The task:
Given the records below, the lines starting at the line with "The HEERF funding" and ending at the line with "What's poppin y'all, welcome" should be output exactly, both end lines kept and pictures left out.

Stored items:

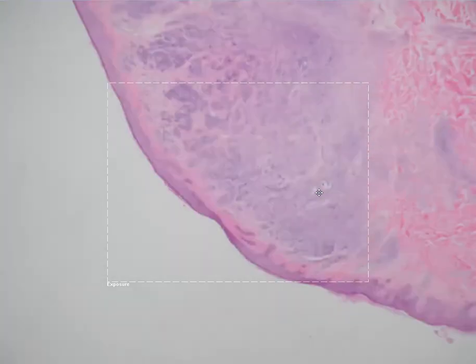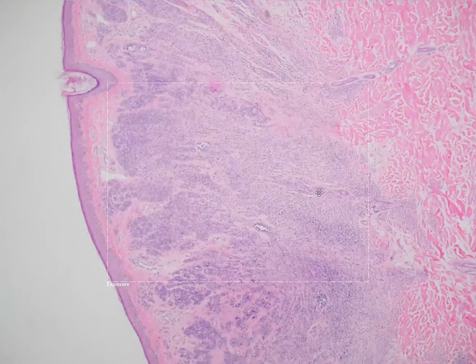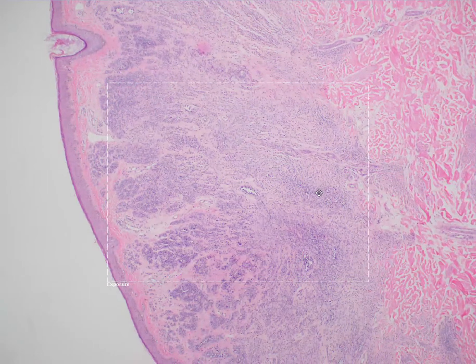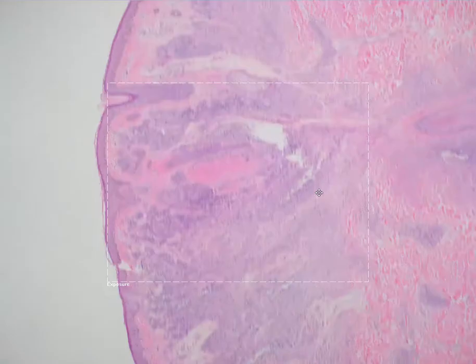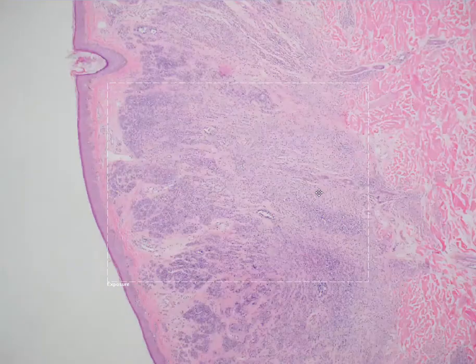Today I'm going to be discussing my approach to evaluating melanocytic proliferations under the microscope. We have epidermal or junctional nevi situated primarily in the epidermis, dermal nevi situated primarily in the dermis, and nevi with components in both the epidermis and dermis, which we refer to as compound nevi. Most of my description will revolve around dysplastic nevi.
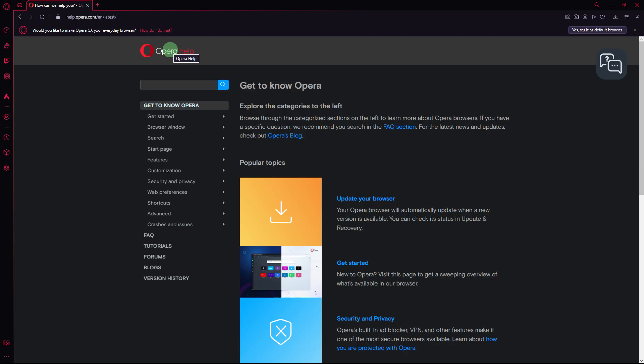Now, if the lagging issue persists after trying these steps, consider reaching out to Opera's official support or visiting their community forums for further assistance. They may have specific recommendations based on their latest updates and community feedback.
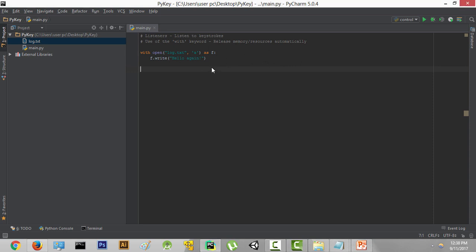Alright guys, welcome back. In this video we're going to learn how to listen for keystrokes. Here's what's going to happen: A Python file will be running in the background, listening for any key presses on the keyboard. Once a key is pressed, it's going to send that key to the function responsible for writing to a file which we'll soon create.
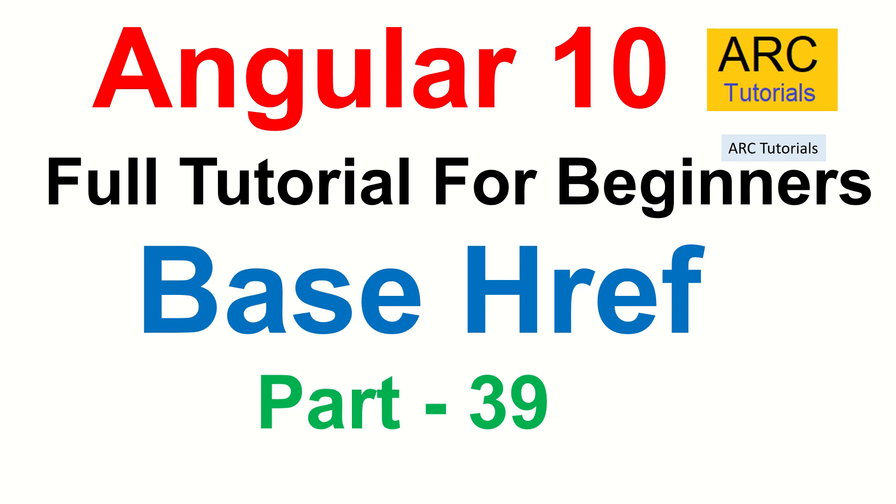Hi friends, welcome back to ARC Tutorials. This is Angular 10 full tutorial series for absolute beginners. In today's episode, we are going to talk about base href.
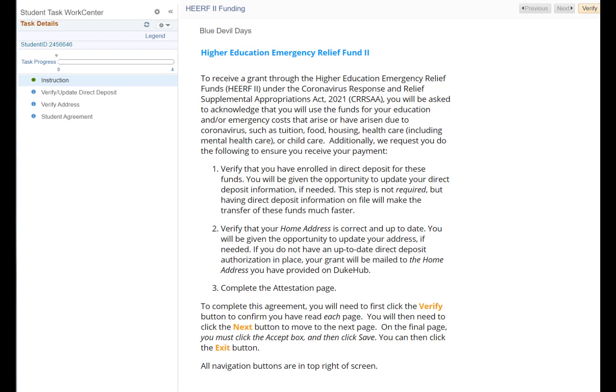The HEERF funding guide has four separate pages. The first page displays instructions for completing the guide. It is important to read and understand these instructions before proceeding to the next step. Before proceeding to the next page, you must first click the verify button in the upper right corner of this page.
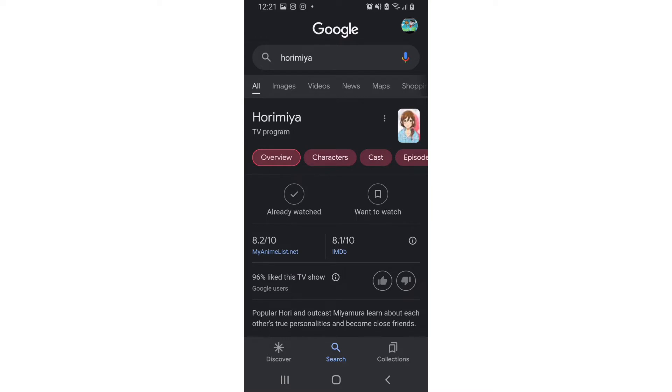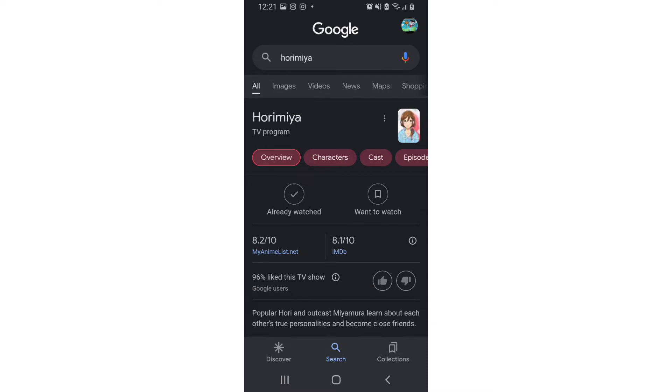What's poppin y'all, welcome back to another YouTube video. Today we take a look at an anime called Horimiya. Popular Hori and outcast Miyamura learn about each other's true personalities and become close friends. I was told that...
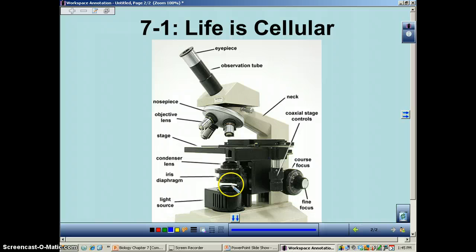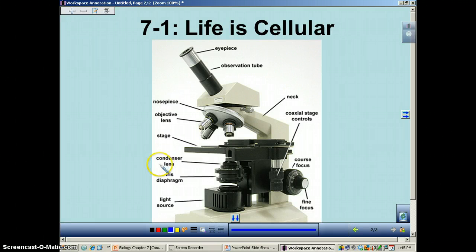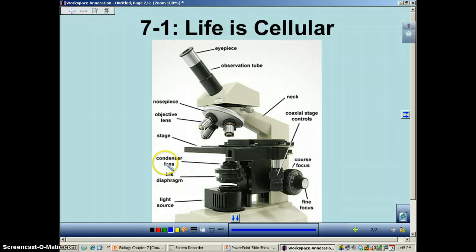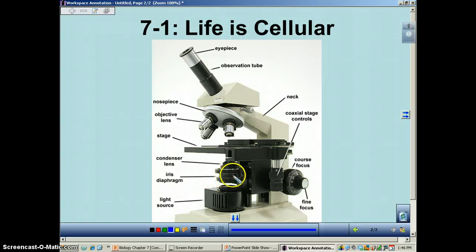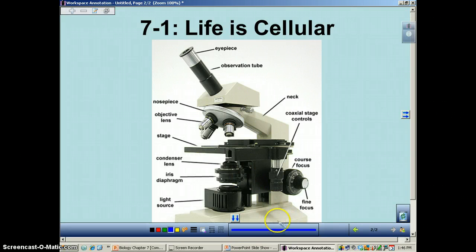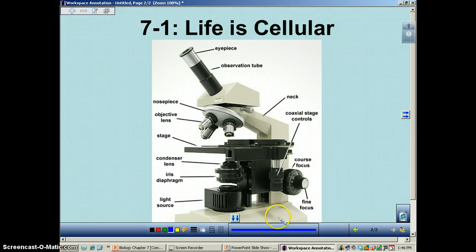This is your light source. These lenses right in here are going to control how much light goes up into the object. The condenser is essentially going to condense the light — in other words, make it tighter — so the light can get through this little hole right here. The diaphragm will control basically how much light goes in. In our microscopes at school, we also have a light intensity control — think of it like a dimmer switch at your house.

Answer below:
The HEERF funding guide has four separate pages. The first page displays instructions for completing the guide. It is important to read and understand these instructions before proceeding to the next step. Before proceeding to the next page, you must first click the verify button in the upper right corner of this page.
What's poppin y'all, welcome back to another YouTube video. Today we take a look at an anime called Horimiya. Popular Hori and outcast Miyamura learn about each other's true personalities and become close friends. I was told that...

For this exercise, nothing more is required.